Besondere Gefährdungen von LKW-Fahrern: Alkohol, Drogen und Übermüdung
Bei der Analyse der deutschen Unfalldaten von Güterverkehrsfahrzeugen fällt auf, dass auch hier die Mehrzahl der Unfälle auf menschliches Fehlverhalten zurückzuführen ist. Neben fahrerischen Fehlern wie zu geringem Abstand oder nicht angepasster Geschwindigkeit stehen in Bezug auf die Fahrtüchtigkeit Alkohol und Übermüdung im Vordergrund.
Dabei gibt es bezüglich der Verbreitung von Alkohol und Drogen unter den Lkw-Fahrern im Güterverkehr große Unterschiede, wie eine systematische Analyse von Girotto und Kollegen aus dem Jahr 2013 zeigte. In dieser Meta-Analyse wurden sowohl Studien ausgewertet, in denen die Fahrer bezüglich ihres Alkohol- und Drogenkonsums Eigenangaben machten, als auch solche, in denen biologische Proben der Fahrer auf Alkohol und Drogen untersucht wurden. In 18 von 23 ausgewerteten Befragungsstudien wurde dabei Alkohol am häufigsten von den Fahrern bestätigt.

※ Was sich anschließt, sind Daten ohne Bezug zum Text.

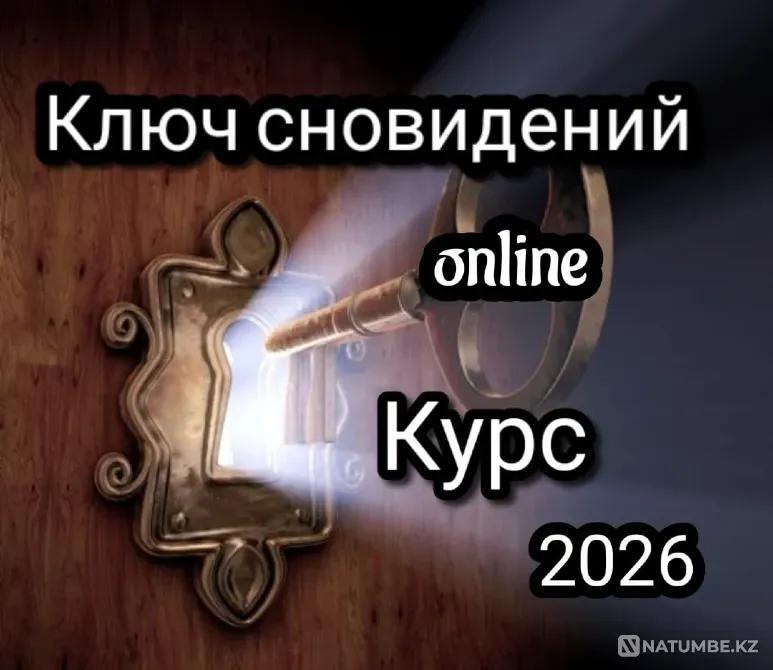 Ключ сновидений - Online курс Астана - изображение 3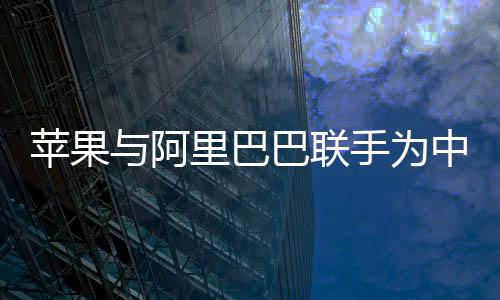 蘋(píng)果與阿里巴巴聯(lián)手為中國(guó)iPhone開(kāi)發(fā)AI功能，一場(chǎng)科技與商業(yè)的強(qiáng)強(qiáng)聯(lián)合
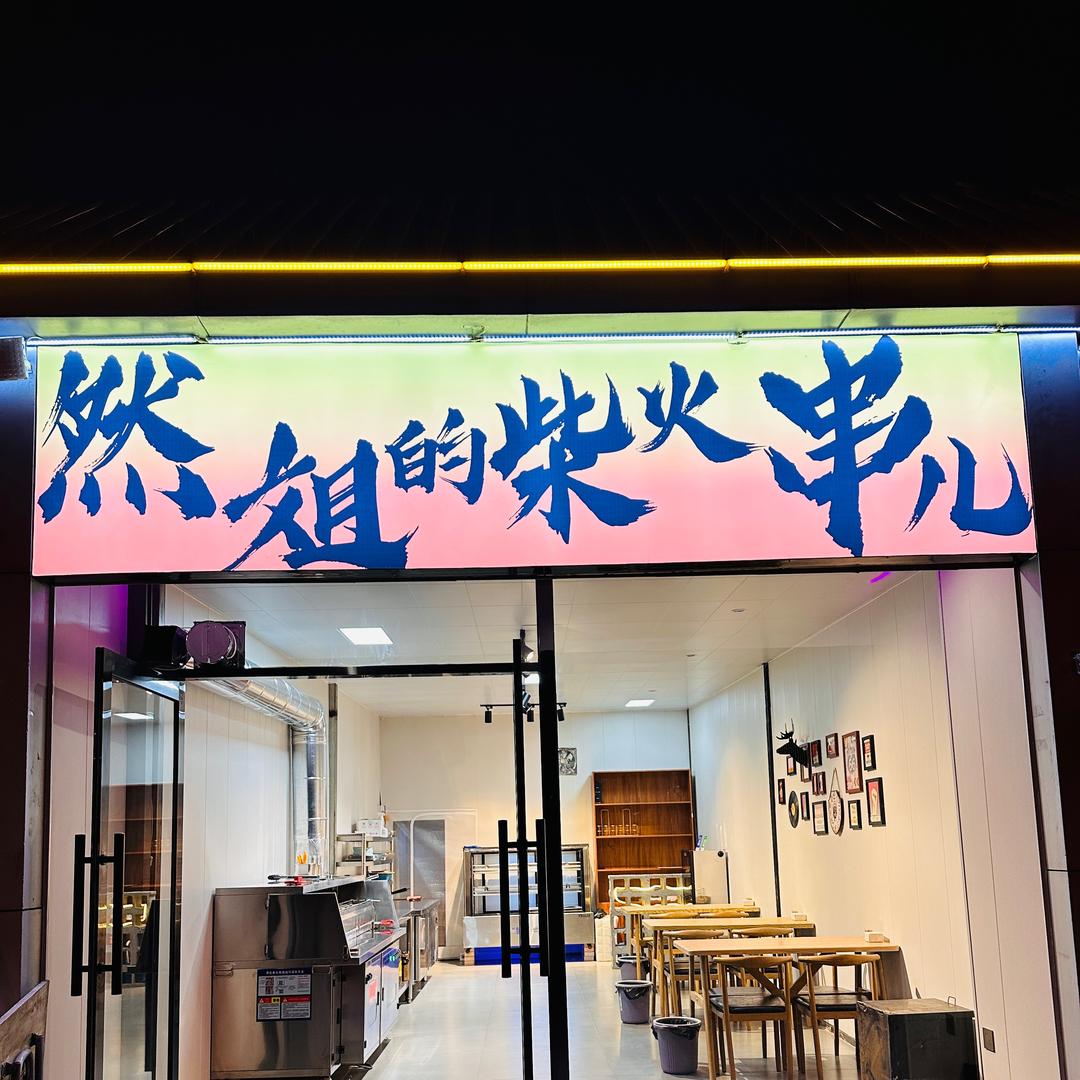 然姐的柴火串儿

In den 15 Studien, die biologische Proben auswerteten, waren Amphetamine, Cannabis und Kokain am verbreitetsten. Im Durchschnitt wurde in 54,3 Prozent der Fälle der Konsum von Alkohol in einer Selbstauskunft eingeräumt – mit einer Spannbreite von 9,9 Prozent (Pakistan) bis 91 Prozent (Brasilien). Im Durchschnitt wurde in 3,6 Prozent der biologischen Proben Alkohol nachgewiesen mit einem Minimum von 0,1 Prozent (Australien und Norwegen) bis zu einem Maximum von 12,5 Prozent (USA). Die durchschnittliche Häufigkeit der selbst berichteten Amphetamineinnahme betrug 29,5 Prozent mit einer Spannbreite von 0,9 Prozent (Italien) bis 70 Prozent (Brasilien). In durchschnittlich 8,5 Prozent der biologischen Proben wurden Amphetamine nachgewiesen (zwischen 0,2 Prozent in Norwegen und 82,5 Prozent in Thailand). Der Konsum von Cannabis wurde durchschnittlich in 19,3 Prozent der untersuchten Fälle selbst berichtet und in 4,7 Prozent der biologischen Proben toxikologisch nachgewiesen. Außerdem wurden in einigen der analysierten Studien noch weitere psychotrope Substanzen gefunden, beispielsweise Opioide, Phentermin, Codein, koffeinbasierte Medikamente, Antihistamine und Benzodiazepine.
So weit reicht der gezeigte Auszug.